Disney Plus has added new disclaimers to many of its classic films for featuring what some viewers might consider “negative depictions” and “mistreatment of people or cultures.”
What are the details?
According to the Daily Wire, a 12-second disclaimer on the company’s streaming platform says, “These stereotypes were wrong then and are wrong now. Rather than remove this content, we want to acknowledge its harmful impact, learn from it, and spark conversation to create a more inclusive future together.”
In a video titled “Stories Matter,” the Walt Disney Company breaks down what makes some of its beloved classics so offensive.
Some of those films include 1941’s “Dumbo,” 1953’s “Peter Pan,” and 1970’s “The Aristocats.”
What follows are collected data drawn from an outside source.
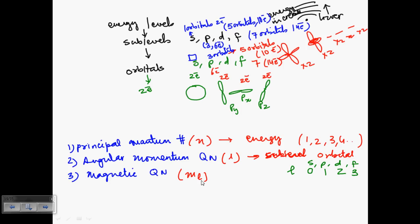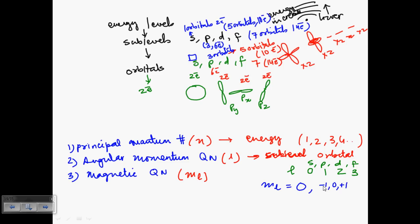The magnetic quantum number, ML, indicates the orientation of the orbitals — how many different orientations are present. For the S orbital, which is spherical, there is only one orientation, so if L = 0, then ML can only be 0. For the P orbital, which can be oriented along the X, Y, or Z axis, there are three possible orientations, so ML can be −1, 0, or +1. Each of these values indicates an orientation of the orbital.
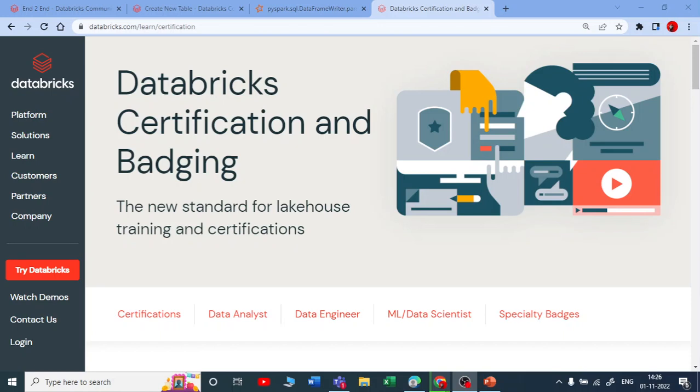Hey guys, welcome to my YouTube channel. I am Nawal Yemul. So let us talk about Databricks certification and batching.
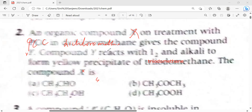The options are: first, CH3CHO; second, CH3COCH3; third, an alcohol CH3CH2OH; and last, an acid CH3COCH3. So we have an aldehyde, ketone, alcohol, and acid.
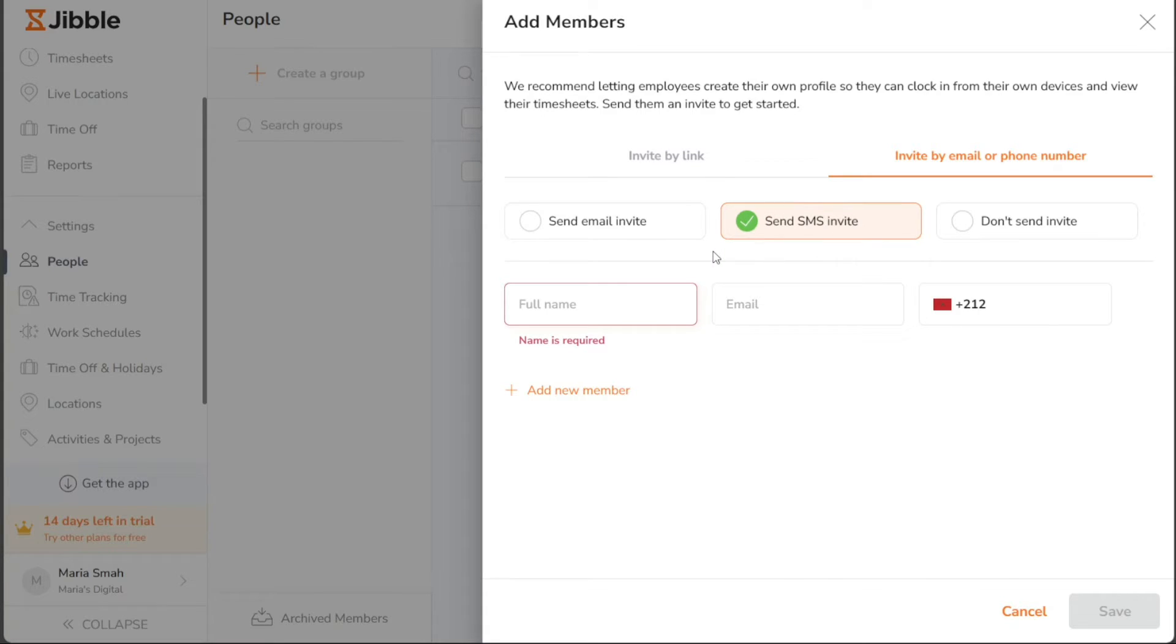Note that when using Send SMS Invite, the mobile number becomes a required field, while the Send Email Invite, the mobile number is optional.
On its “Stories Matter” page, the company writes, “As part of our ongoing commitment to diversity and inclusion, we are in the process of reviewing our library and adding advisories to content that includes negative depictions or mistreatment of people or cultures. We can’t change the past, but we can acknowledge it, learn from it, and move forward together to create a tomorrow that today can only dream of.”
Here’s why “Dumbo” is problematic according to the company:
The crows and musical number pay homage to racist minstrel shows, where white performers with blackened faces and tattered clothing imitated and ridiculed enslaved Africans on Southern plantations. The leader of the group in Dumbo is Jim Crow, which shares the name of laws that enforced racial segregation in the Southern United States. In “The Song of the Roustabouts,” faceless Black workers toil away to offensive lyrics like ‘When we get our pay, we throw our money all away.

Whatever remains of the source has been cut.